Im Glauben, das allgemeine Wahlrecht führe zu einer umfassenden politischen Beteiligung der Bevölkerung, liegt der mitunter gefährliche Mythos der westlichen Demokratie. Die gegenwärtigen Aufstände gegen die „Parteienwirtschaft“, die „Elite“, die „abgehobenen Politiker“ oder die „Lügenpresse“ wird unter anderem von der offensichtlichen Diskrepanz zwischen diesem Mythos und der Realität getragen. Der erste Schritt, um diesem Missmut zu begegnen, ist ein ehrlich Eingeständnis:

Der breiten, mußelosen Masse kann nur sehr beschränkte politische Mitwirkung (das Wahlrecht) zugestanden werden, mit dem nur nur ein Bruchteil der politischen Macht zusammenhängt. Diese wird hauptsächlich von Berufs- und Nebenerwerbspolitikern ausgeübt.

Dass eine Aristokratie innerhalb der Demokratie besteht, ja gewissermaßen bestehen muss, sagt noch nichts über ihre konkrete Zusammensetzung aus. Man könnte durchaus eine stärkere Kopplung an den Rest der Bevölkerung wünschen, und zum Beispiel durch vermehrte Besetzung politischer Ämter durch Losziehung, wie sie bereits für Schöffen und Geschworene existiert, erreichen.

Nachtrag (7. April 2017): In einem Beitrag auf Englisch gehe ich auf die Beschränkung der Macht der demokratischen Aristokratie durch Losziehung genauer ein.

  1. Ich beziehe mich im Folgenden sowohl auf die Politik als auch auf die Nikomachische Ethik.
  2. Für Aristoteles stellen Bürger nur einen kleinen Teil der Bewohner eines Staates dar. Handwerker, Sklaven und Frauen gehören jedenfalls nicht dazu.

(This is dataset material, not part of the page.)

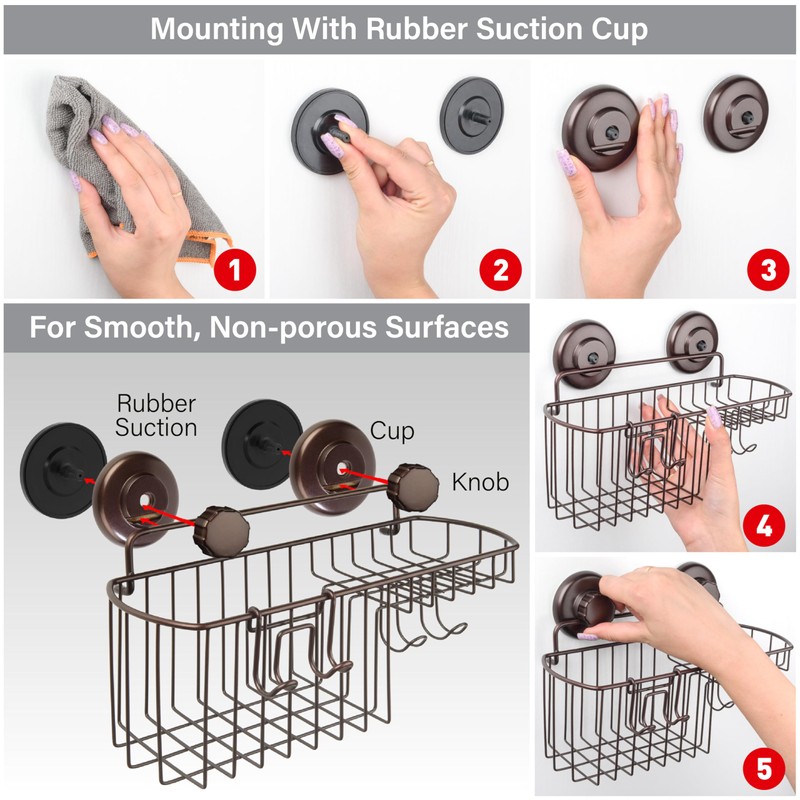 HASKO 2 Pack Shower Caddy Suction Cup with Hooks &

  3. Nichtbürger sind nunmehr Minderjährige und Ausländer, die üblicherweise deutlich in der Minderheit sind.
  4. Dazu zähle ich Arbeiter im engen Sinn genauso wie Angestellte oder Selbstständige.
  5. Ein (unrepräsentative) Gegenüberstellung der Häufigkeit von „fulfilling work“ und „work reduction“ im Korpus von Google Books im Laufe der letzten Jahrzehnte zeigt, dass „fulfilling work“ ab den 1980ern deutlich die Überhand gewinnt und mittlerweile fast 10 Mal häufiger anzutreffen ist.

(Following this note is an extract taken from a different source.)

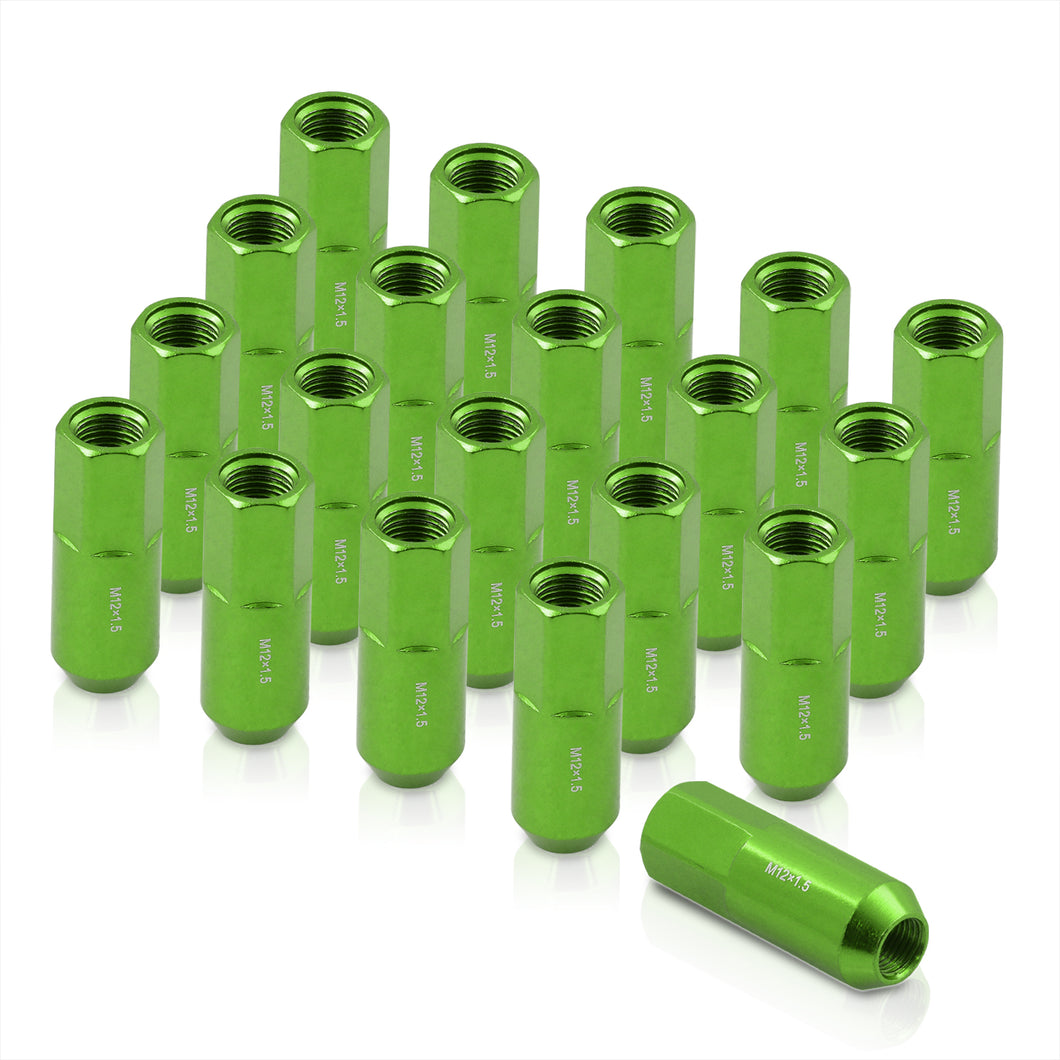 M12 x 1.5 Heavy Duty Steel Extended Open Lug Nuts Green (20 Piece)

  6. Gerade die Sozialdemokratie hat viel zur Festigung dieser These beigetragen: Der stolze Arbeiter, der zwar nicht übermäßig, aber doch viel arbeitet (und von seiner Arbeit vollkommen abhängt) kann sich politisch organisieren! Das ist nicht falsch, jedoch wird dabei übersehen, dass fast alle Organisatoren und Parteiführer einer solchen „Arbeiter“bewegung im aristotelischen Sinne müßig waren. Auch die Sozialdemokratie hat immer schon eine Aristokratie in sich getragen.

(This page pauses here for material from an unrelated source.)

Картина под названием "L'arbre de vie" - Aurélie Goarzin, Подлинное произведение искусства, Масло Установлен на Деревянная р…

  7. Eine (wenig relevante) Ausnahme stellt die Bundespräsidenschaftswahl dar, für die das passive Wahlrecht erst nach dem 35. Lebensjahr erreicht wird.
  8. Ein wesentliches Merkmal moderner Demokratien ist natürlich, dass diese Positionen potentiell jedem Bürger offenstehen (wenn auch oftmals mit bestimmten Anforderungen verknüpft), was aber natürlich nicht heißt, dass alle Bürger eine solche ausüben können.
  9. Vielleicht gar Oligarchie oder Plutokratie, wenn die Beurteilung weniger wohlwollend ausfällt.